In recent years, the volume of hospitals and the health sector entities that have fallen victim to hackers has continued to rise at an alarming rate. With each breach, there are empty promises and finger-pointing while the organizations attempt to attribute the hack to a bad actor like Deep Panda based off of exploit kit components that were used in a previous breach. Where are they getting their information?
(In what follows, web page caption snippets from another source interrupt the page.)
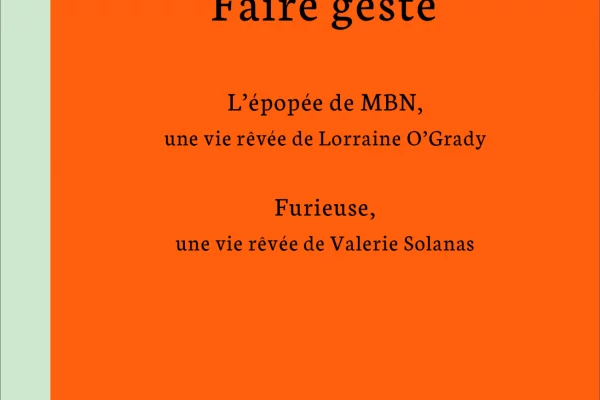 Parution « Faire geste » — deux biographies rêvées, un diptyque Lorraine O’Grady/Valerie Solanas signé Florence Andoka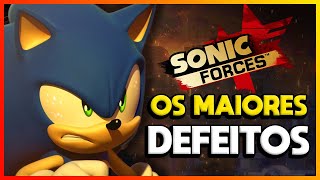 PORQUE SONIC FORCES É UM LIXO? O LADO RUIM DO JOGO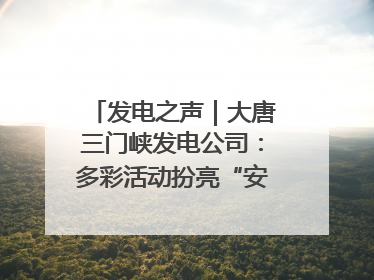 发电之声｜大唐三门峡发电公司：多彩活动扮亮“安全生产月”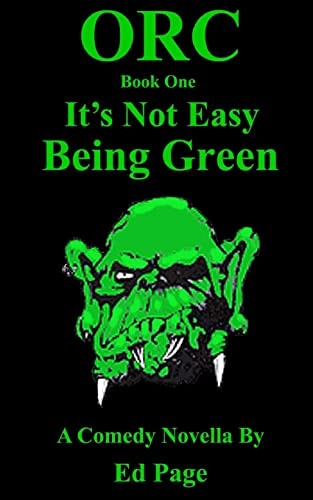 Orc It's Not Easy Bring Green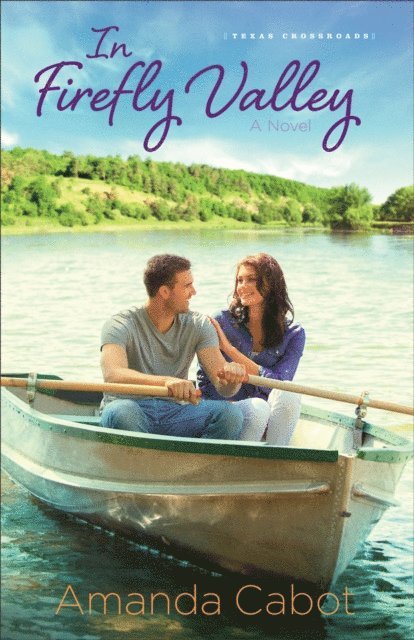Amanda Cabot - In Firefly Valley (Texas Crossroads Book #2), E-bok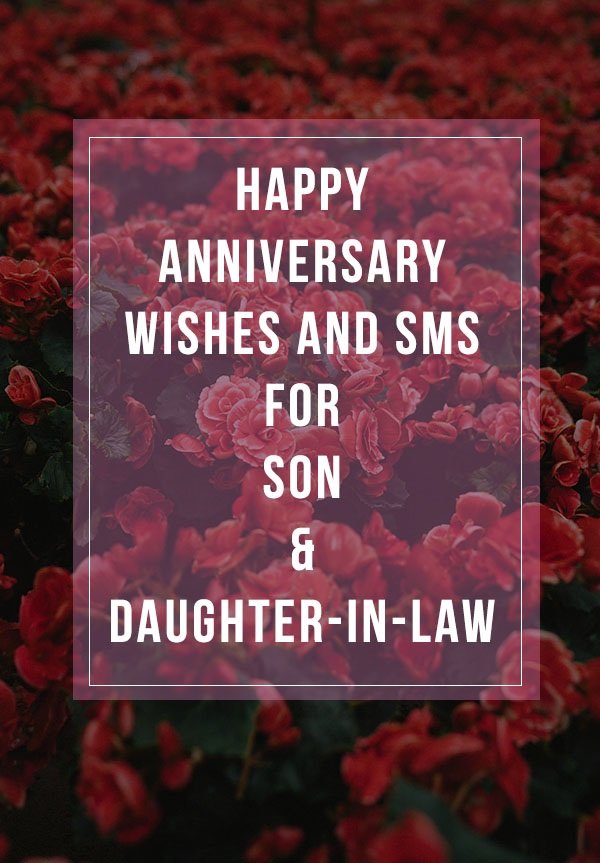 Happy Anniversary wishes and messages for son and doughter in law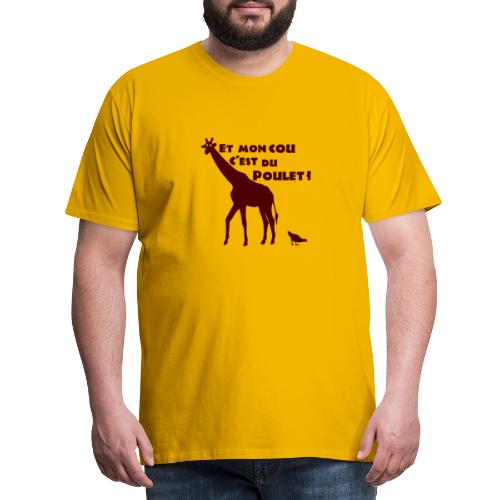 ET MON COU C'EST DU POULET ? (girafe) - T-shirt Premium Homme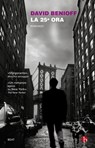 La venticinquesima ora - David Benioff - 9788865596289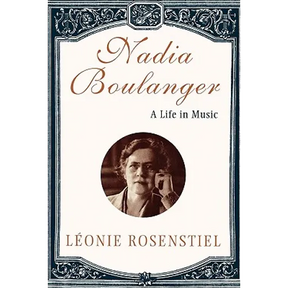 Nadia Boulanger: A Life in Music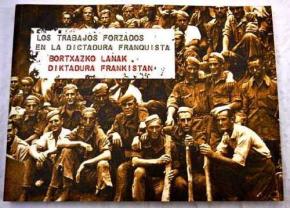 TRABAJOS FORZADOS EN LA DICTADURA FRANQUISTA = BORTXAZKO LANAK FRANCOREN DIKTADURAN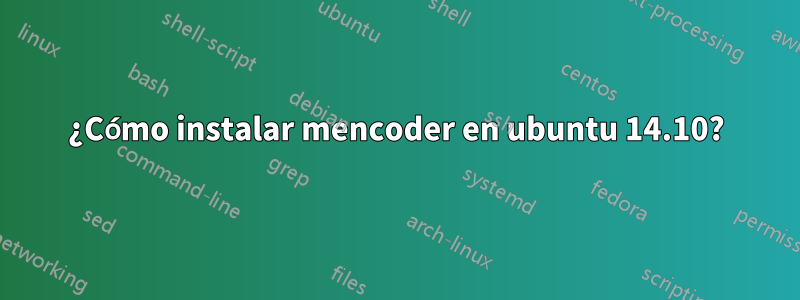 ¿Cómo instalar mencoder en ubuntu 14.10?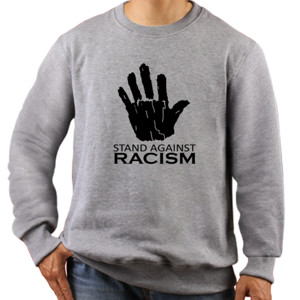 Jaket Sweater Stand Against Racism - Anti Rasis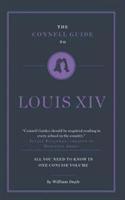 Vorderes Coverbild The Connell Guide To Louis XIV
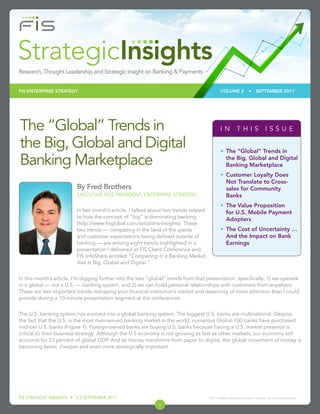 FIS ENTERPRISE STRATEGY                                                                       VOLUME 2                •     SEPTEMBER 2011




The “Global” Trends in                                                                         IN THIS ISSUE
Who knows and who cares because it's almost always wrong and attribution is typically a waste of time as it is an attempt to take the responsibility and public outrage off of the hospital or healthcare organization's lack of proper cybersecurity hygiene and non-existent cybersecurity culture.
When one takes a closer look at the actual problem in order to remedy a scalable solution the most profound reality is the pure lack of cybersecurity training in perfectly applicable environments where students are learning health IT, healthcare informatics, nursing, and HIPPA. The fact that cybersecurity hygiene is an afterthought rather than an academic course in the health sector should have the victims of these breaches rioting in the street, yet there is a deafening silence on this topic of educational reform. I'm not saying that a full on curriculum covering Advanced Persistent Threat intricacies such as hacker tool kits, exploits, droppers, remote access trojans or how to forensically investigate code. But, perhaps it may be useful, while studying a technical topic to add a few ingredients of cybersecurity to, keep tens of millions of innocent people from having their health records exfiltrated by bad actors wishing to do them harm.
This book series is intended to introduce the listener to healthcare informatics, health IT, and HIPAA, while simultaneously enhancing this information with cybersecurity content.